Who is best equipped to manage the 24-7 needs of social media marketing for global consumer brands? A string of disconnected agencies, or an internal team at the client? It’s a question a lot of brand managers may be asking right now.
One consumer marketing powerhouse has an answer. Nike’s internal social media teams will now manage all online communities from its Beaverton, Oregon headquarters after previously outsourcing the responsibility to agencies such as AKQA, Wieden & Kennedy, Mindshare and R/GA, according to a report in Marketing Week.
Treacherous weather is no match for the dedicated. @kylestanleygolf braved the elements in today’s practice rd. twitter.com/nikegolf/statu…
— Nike Golf (@nikegolf) January 4, 2013
The U.K.-based industry trade mag asserts that the changes are a result of a review by Nike’s senior director for social media and community Musa Tariq, who pushed for the brand to assume full control of its social media offering following his arrival from Burberry last October.
One thing we can be sure of, scaling one-to-one, is not easy to execute.
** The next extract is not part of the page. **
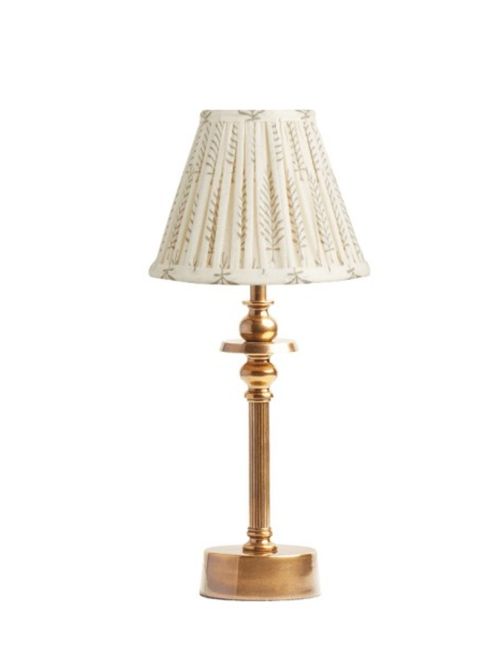 Phileas rechargeable table lamp finished in antique brass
Time will tell if client-side communicators can effectively act as a voice for the brand. Brands, like everyone else on Tweetbook, generate a lot of crap in social channels. Personally, I’d prefer to see one great thought a day from a favored brand, rather then the desperate attempts of community managers to gain and hold our attention. But one thought a day is not conversational, is it? And therein lies the mystery and challenge. Does social media marketing actually foster real conversations? If it does, one great thought a day is all wrong for the platform.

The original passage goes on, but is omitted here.